Work task: Print each entry exactly, all the way through.
┄┄┄┄┄┄┄┄┄┄┄┄┄┄┄┄┄┄┄┄
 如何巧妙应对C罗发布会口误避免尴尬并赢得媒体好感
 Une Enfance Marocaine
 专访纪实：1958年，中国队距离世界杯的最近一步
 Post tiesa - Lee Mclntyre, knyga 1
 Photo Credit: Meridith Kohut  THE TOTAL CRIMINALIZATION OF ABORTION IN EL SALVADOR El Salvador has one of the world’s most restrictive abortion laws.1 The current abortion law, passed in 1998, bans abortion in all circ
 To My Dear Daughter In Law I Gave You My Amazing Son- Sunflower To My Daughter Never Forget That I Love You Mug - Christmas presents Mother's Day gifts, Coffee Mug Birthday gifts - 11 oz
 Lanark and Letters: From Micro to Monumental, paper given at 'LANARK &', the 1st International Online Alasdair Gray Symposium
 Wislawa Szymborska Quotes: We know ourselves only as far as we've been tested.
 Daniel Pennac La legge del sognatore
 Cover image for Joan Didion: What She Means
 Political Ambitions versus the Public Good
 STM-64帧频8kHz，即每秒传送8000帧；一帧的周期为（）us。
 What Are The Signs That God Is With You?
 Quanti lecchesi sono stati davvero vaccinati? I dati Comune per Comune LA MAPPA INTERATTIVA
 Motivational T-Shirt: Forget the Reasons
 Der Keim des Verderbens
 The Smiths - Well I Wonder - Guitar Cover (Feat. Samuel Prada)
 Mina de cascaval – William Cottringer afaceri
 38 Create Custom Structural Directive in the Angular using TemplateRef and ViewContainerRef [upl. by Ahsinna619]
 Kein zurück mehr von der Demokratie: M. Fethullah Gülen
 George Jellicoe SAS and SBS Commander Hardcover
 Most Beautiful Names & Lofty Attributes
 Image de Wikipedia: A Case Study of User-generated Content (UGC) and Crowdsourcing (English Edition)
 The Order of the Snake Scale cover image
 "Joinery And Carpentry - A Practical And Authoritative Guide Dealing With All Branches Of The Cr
┄┄┄┄┄┄┄┄┄┄┄┄┄┄┄┄┄┄┄┄
Reply:
 如何巧妙应对C罗发布会口误避免尴尬并赢得媒体好感
 Une Enfance Marocaine
 专访纪实：1958年，中国队距离世界杯的最近一步
 Post tiesa - Lee Mclntyre, knyga 1
 Photo Credit: Meridith Kohut  THE TOTAL CRIMINALIZATION OF ABORTION IN EL SALVADOR El Salvador has one of the world’s most restrictive abortion laws.1 The current abortion law, passed in 1998, bans abortion in all circ
 To My Dear Daughter In Law I Gave You My Amazing Son- Sunflower To My Daughter Never Forget That I Love You Mug - Christmas presents Mother's Day gifts, Coffee Mug Birthday gifts - 11 oz
 Lanark and Letters: From Micro to Monumental, paper given at 'LANARK &', the 1st International Online Alasdair Gray Symposium
 Wislawa Szymborska Quotes: We know ourselves only as far as we've been tested.
 Daniel Pennac La legge del sognatore
 Cover image for Joan Didion: What She Means
 Political Ambitions versus the Public Good
 STM-64帧频8kHz，即每秒传送8000帧；一帧的周期为（）us。
 What Are The Signs That God Is With You?
 Quanti lecchesi sono stati davvero vaccinati? I dati Comune per Comune LA MAPPA INTERATTIVA
 Motivational T-Shirt: Forget the Reasons
 Der Keim des Verderbens
 The Smiths - Well I Wonder - Guitar Cover (Feat. Samuel Prada)
 Mina de cascaval – William Cottringer afaceri
 38 Create Custom Structural Directive in the Angular using TemplateRef and ViewContainerRef [upl. by Ahsinna619]
 Kein zurück mehr von der Demokratie: M. Fethullah Gülen
 George Jellicoe SAS and SBS Commander Hardcover
 Most Beautiful Names & Lofty Attributes
 Image de Wikipedia: A Case Study of User-generated Content (UGC) and Crowdsourcing (English Edition)
 The Order of the Snake Scale cover image
 "Joinery And Carpentry - A Practical And Authoritative Guide Dealing With All Branches Of The Cr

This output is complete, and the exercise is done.